O responsável português recorda um amigo e “cidadão empenhado nas causas mais nobres”, relançando que “a ele e a Manuela Silva se deve o pensamento que esteve na origem da criação do rendimento mínimo garantido”.
O novo livro, indica António Guterres, “contribuirá para perpetuar a voz autorizada de Alfredo Bruto da Costa e a sua visão muito própria sobre a sociedade, os seus problemas e os mais vulneráveis dos seus membros”.
Bruto da Costa faleceu a 11 de novembro de 2016, com 78 anos de idade; antigo ministro e presidente da CNJP, promoveu diversos estudos e investigações sobre a pobreza em Portugal, em defesa da dignidade humana e da justiça social, assumindo-se como estudioso da Doutrina Social da Igreja.
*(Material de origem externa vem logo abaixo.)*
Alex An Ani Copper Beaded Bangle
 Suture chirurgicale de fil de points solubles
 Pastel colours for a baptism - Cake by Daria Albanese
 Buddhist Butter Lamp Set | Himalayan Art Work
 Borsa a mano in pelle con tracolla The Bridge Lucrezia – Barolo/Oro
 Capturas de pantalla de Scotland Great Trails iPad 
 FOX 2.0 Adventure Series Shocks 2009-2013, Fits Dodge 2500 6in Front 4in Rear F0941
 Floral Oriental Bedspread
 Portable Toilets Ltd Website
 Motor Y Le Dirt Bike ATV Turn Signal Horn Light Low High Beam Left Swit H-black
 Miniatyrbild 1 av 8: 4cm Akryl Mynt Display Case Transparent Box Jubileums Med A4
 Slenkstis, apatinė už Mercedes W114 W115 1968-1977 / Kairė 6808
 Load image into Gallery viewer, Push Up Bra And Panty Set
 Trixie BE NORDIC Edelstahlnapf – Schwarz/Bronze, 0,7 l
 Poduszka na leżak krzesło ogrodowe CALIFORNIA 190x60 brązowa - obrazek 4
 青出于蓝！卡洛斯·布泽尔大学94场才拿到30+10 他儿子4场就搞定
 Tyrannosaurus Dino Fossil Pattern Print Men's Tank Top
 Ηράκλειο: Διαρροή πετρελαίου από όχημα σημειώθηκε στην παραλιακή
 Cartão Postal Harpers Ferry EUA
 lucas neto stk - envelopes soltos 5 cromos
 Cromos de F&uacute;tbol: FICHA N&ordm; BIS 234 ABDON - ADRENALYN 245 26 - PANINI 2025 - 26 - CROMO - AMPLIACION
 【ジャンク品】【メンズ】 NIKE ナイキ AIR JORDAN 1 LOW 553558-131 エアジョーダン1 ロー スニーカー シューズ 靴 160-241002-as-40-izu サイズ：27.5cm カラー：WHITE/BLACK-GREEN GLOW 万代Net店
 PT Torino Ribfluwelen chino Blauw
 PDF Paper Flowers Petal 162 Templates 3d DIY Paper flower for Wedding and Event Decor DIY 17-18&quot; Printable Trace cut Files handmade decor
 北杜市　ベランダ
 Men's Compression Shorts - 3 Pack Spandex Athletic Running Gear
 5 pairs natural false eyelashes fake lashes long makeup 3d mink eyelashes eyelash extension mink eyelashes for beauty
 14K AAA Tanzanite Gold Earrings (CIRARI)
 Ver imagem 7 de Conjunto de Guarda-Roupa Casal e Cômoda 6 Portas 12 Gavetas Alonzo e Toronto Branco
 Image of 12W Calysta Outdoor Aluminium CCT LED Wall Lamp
O livro foi concluído pelo autor, antes da sua morte, e revisto posteriormente.
Alfredo Bruto da Costa admite que este é “um livro diferente”, para quem o viu como cientista social, apresentando “uma reflexão ética e, mais particularmente, uma tentativa de confrontar a pobreza no mundo com as exigências da fé cristã”.
O texto lamenta um “certo desfasamento” entre “o lugar da pobreza (nos seus diversos significados) na mensagem evangélica e, por outro, o entendimento que a esse respeito parece ter a maior parte dos cristãos e até a pregação corrente nas comunidades cristãs”.
A obra aborda questões ligadas ao “caráter universal da Boa Nova” anunciada por Jesus, como Messias, e a sua ligação com a pobreza, não entendida como um estado económico e social, mas como “uma realidade de outra ordem, uma condição interior de natureza religiosa”.
Bruto da Costa escreve sobre a ligação entre o direito da propriedade privada e o princípio do destino universal dos bens da terra, a partir do pensamento social cristão.
“Nos desígnios de Deus, a terra e tudo o que ela contém têm um destino. Ou seja, não se encontram abandonados, à disposição de quem melhor e mais depressa consiga apoderar-se da maior quantidade possível desses bens”, precisa.
O autor lamenta que a “grande maioria dos cristãos” não veja na pobreza “um problema de injustiça grave”.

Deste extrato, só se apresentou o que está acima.